The Mani-Pedi and In Vino Veritas

   Addiction.
We all seem to be addicted to one thing or another these days.
Last week, I read an article about a woman who cancelled her therapy session for a blow-out and a mani-pedi.
The consequence to such an action?
Her psychiatrist slapped her with a serious mani-pedi addiction.
Women.
Alcohol.
Perfection.
For years it was me at the cutting board, a glass of chilled white at my side. And for years this habit was harmless—or it seemed that way.
Wow, I could not believe this article when I laid my eyes upon it.
Alcohol as Escape From Perfectionism by Ann Dowsett Johnston; The Atlantic: October 15, 2013.
This is exactly how I managed to get through my twenties, thirties and forties.
Switching gears with alcohol.
Most of us do it.
Recently, a relationship ended with a self-confessed alcoholic and so this subject began to intrigue me.
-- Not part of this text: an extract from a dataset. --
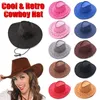 Berretti Accessori Costumi Cappello stile jazz stile occidentale Fedora in feltro da cowboy in pelle scamosciata a tesa larga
The conclusion: most people will readily admit to having a glass of wine with dinner.
LLPOF.
Liar, Liars, Pants on Fire.
Confession time: I would not have made it through my marriage without the help of alcohol.
The eighties made drinking wine quite fashionable. It was like drinking Perrier water. We were all drinking our wine out of these swanky big goblets or downing our low-cal designer beer straight out of the bottle.
I was a yuppie back then.
My house wine was Santa Margherita, a pale straw-blond Italian pinot grigio. There was always a bottle in my fridge, and I’d often pour a second glass before dinner, with seeming impunity.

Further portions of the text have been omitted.